━━ Data ━━

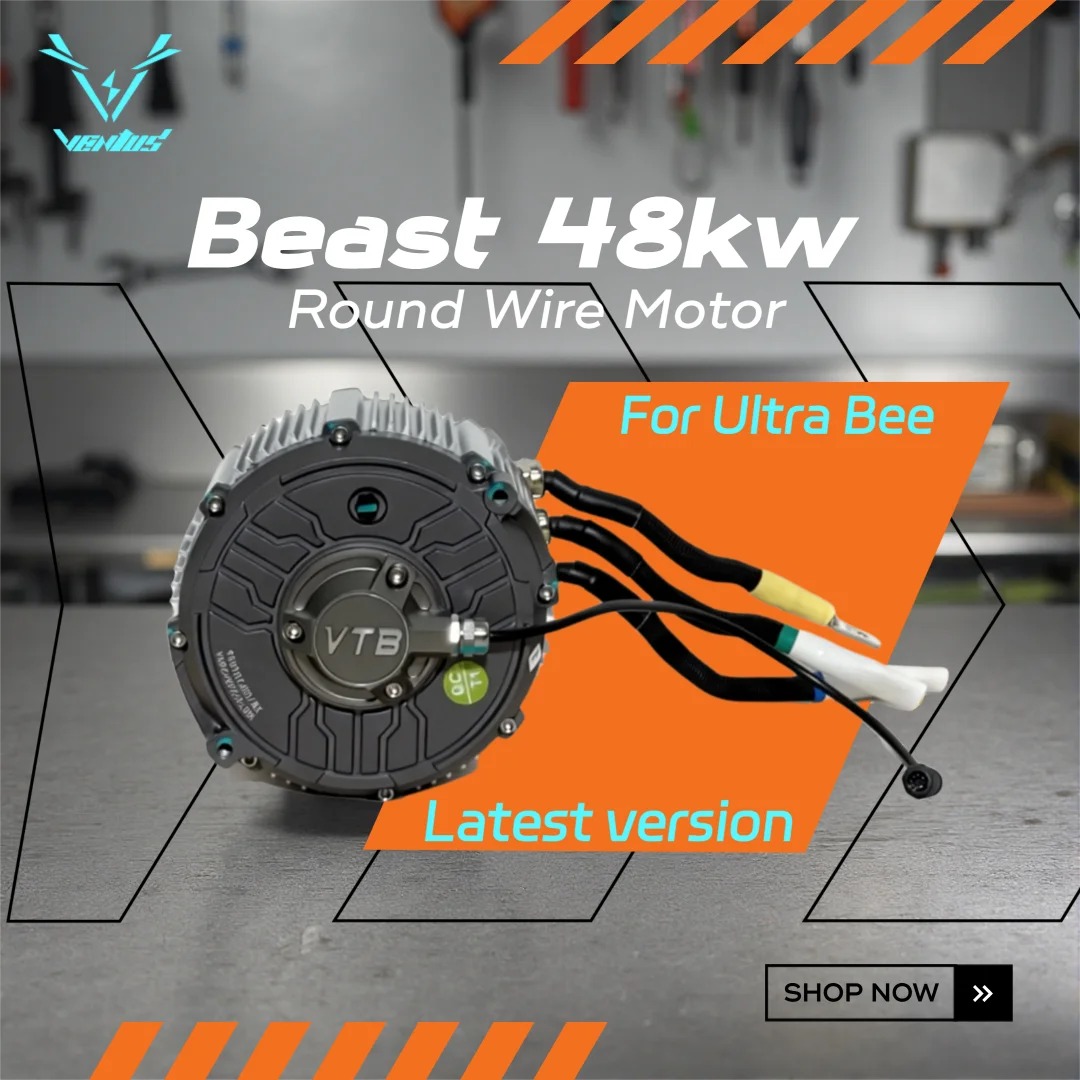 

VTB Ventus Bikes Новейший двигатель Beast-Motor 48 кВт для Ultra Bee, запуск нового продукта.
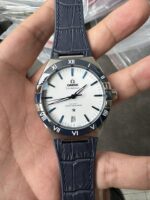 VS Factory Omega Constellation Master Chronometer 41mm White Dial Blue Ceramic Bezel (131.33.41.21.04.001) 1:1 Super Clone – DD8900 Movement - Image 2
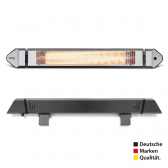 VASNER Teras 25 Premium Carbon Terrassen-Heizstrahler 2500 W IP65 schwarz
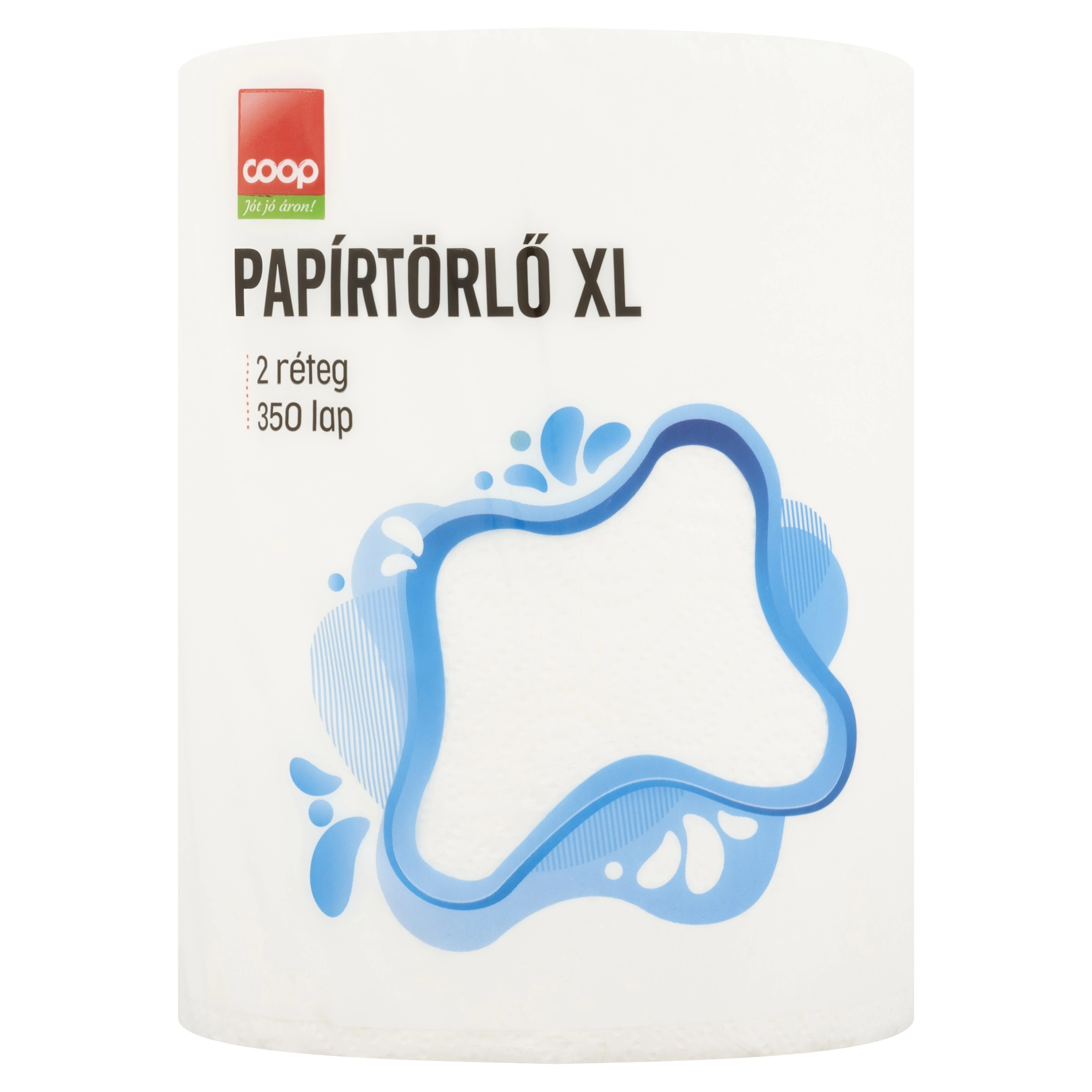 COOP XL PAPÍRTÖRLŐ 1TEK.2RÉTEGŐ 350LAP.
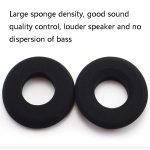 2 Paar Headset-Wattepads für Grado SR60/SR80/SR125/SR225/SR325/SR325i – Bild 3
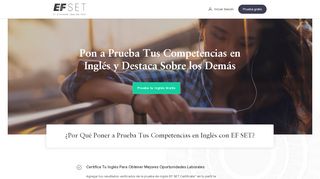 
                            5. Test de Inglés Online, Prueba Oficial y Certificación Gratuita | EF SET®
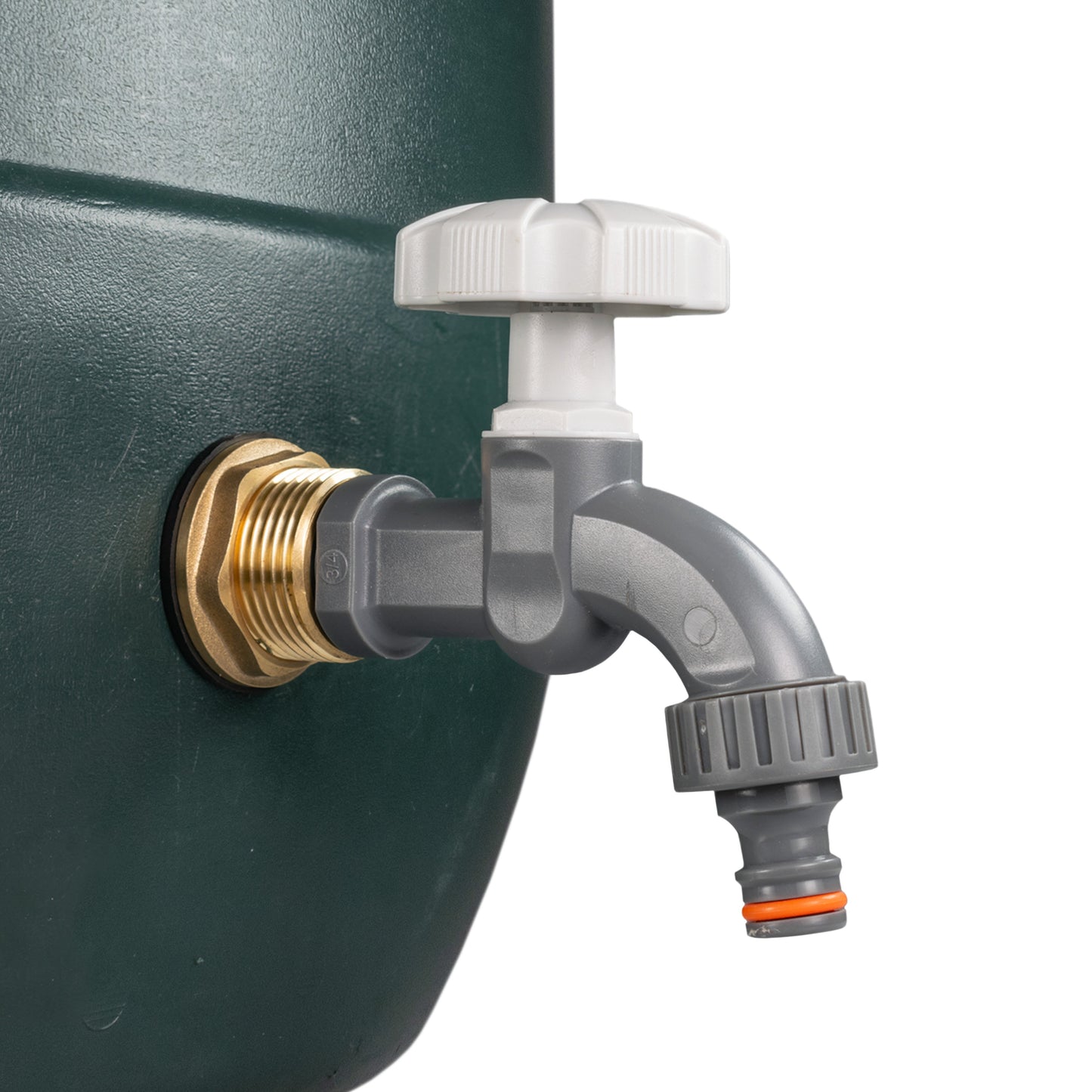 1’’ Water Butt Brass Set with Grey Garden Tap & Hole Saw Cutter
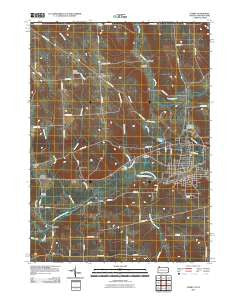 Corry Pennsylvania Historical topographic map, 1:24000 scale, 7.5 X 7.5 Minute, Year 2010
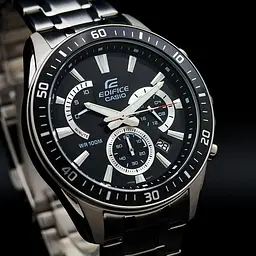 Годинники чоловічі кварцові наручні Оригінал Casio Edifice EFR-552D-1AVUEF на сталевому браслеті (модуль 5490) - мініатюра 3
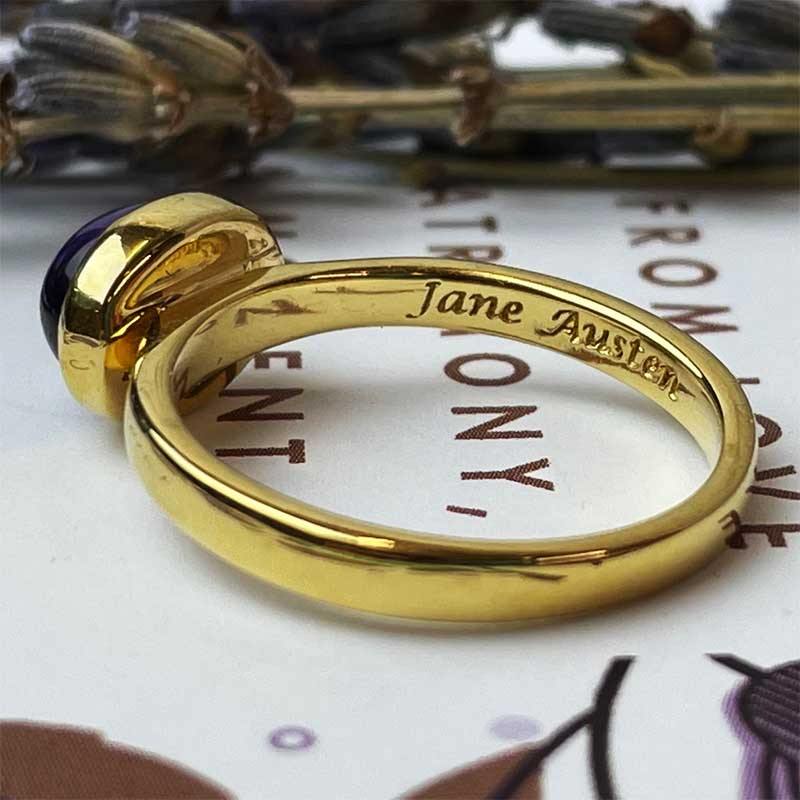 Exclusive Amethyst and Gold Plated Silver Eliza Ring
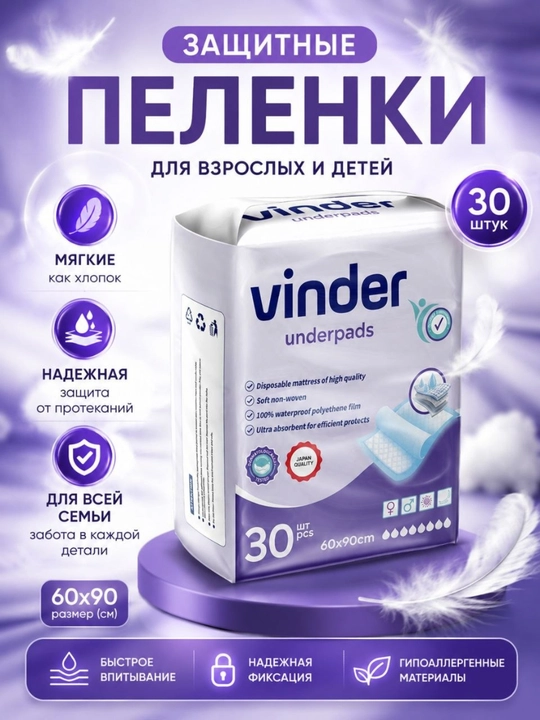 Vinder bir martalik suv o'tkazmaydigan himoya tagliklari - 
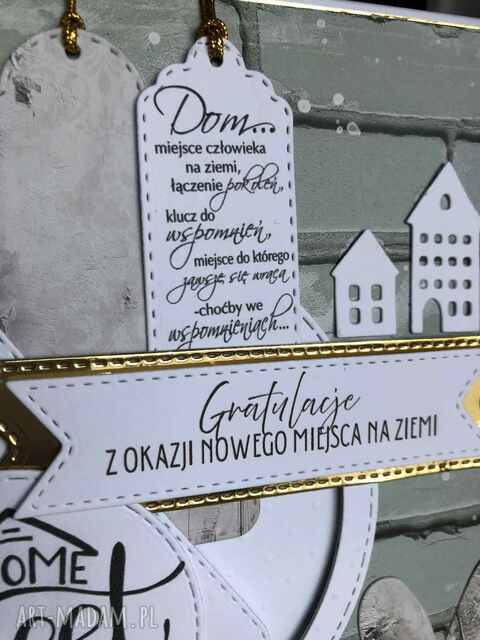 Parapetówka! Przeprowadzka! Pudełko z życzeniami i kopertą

━━━

> _Your objective_: Repeat, without pictures, exactly the lines of the data above from the one containing "5. Test de Inglés" through the one containing "Vinder bir martalik", including both and adding nothing.

> _Exercise answer_:
                            5. Test de Inglés Online, Prueba Oficial y Certificación Gratuita | EF SET®
 1’’ Water Butt Brass Set with Grey Garden Tap & Hole Saw Cutter
 Corry Pennsylvania Historical topographic map, 1:24000 scale, 7.5 X 7.5 Minute, Year 2010
 Годинники чоловічі кварцові наручні Оригінал Casio Edifice EFR-552D-1AVUEF на сталевому браслеті (модуль 5490) - мініатюра 3
 Exclusive Amethyst and Gold Plated Silver Eliza Ring
 Vinder bir martalik suv o'tkazmaydigan himoya tagliklari - 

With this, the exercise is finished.